Thursday, December 31, 2009

Rush Limbaugh vacations with the President

Rush Limbaugh vacations with the President!!

Can you imagine how shocked I was this morning when I read on a creditable news site the following?

“HONOLULU (AP) - Conservative talk show host Rush Limbaugh is resting comfortably in a Hawaii hospital after suffering chest pains while on vacation, his radio program says.”

Something funny was going on here and I needed to get to the bottom of it. Calling on my sources around the globe I was able to piece together the following.

Apparently the President and his family arrived on Christmas day for the holiday break, nothing unusual here. The giveaway to the earth shaking news was when my sources discovered Limbaugh had sneaked onto the island under cover of darkness the day after and had met secretly with the President on several occasions since. Limbaugh traveled incognito to and from the meetings with the President, which Limbaugh insisted be held in the back room of a Denny’s to avoid detection by the press. Each time Limbaugh was disguised as a Wise Man, in period costume from the years associated with Jesus’ birth and not uncommon to see during this Christmas season. Limbaugh had also determined the disguise would be sellable to the Christian right should he get caught.

Creditable sources now report the chest pains experienced by Limbaugh were caused by his discovering he agreed with the President on many issues. Before being admitted Limbaugh told those closest to him he was quite sure Mr. Obama was a Christian, he was born in the United States, in no any way related to Saddam Hussien, and did not like Nancy Pelosi much better than Limbaugh himself.

I wish a speedy recovery to Mr. Limbaugh and hope that upon his return he can become a part of the solution our great Country needs.

Wednesday, December 30, 2009

Urban Meyer: The Rest of the Story

The college football world was shocked Saturday when ESPN reported the abrupt retirement of highly successful Florida football coach Urban Meyer.
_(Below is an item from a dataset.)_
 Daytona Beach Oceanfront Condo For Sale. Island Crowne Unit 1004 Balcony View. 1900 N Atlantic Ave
Literally thousands of jock reporters and commentators hashed and rehashed this move over and over between the time it was first reported until the next day when Coach Meyer held a news conference and announced he was not really leaving, only going to take an leave of absence. This turn around really ignited the talking and writing jocks. The inside information each one claimed a day before was now worthless. The theory's either speculated on or reported as fact now made these buffoons look like what they really are, buffoons, Finebaum included.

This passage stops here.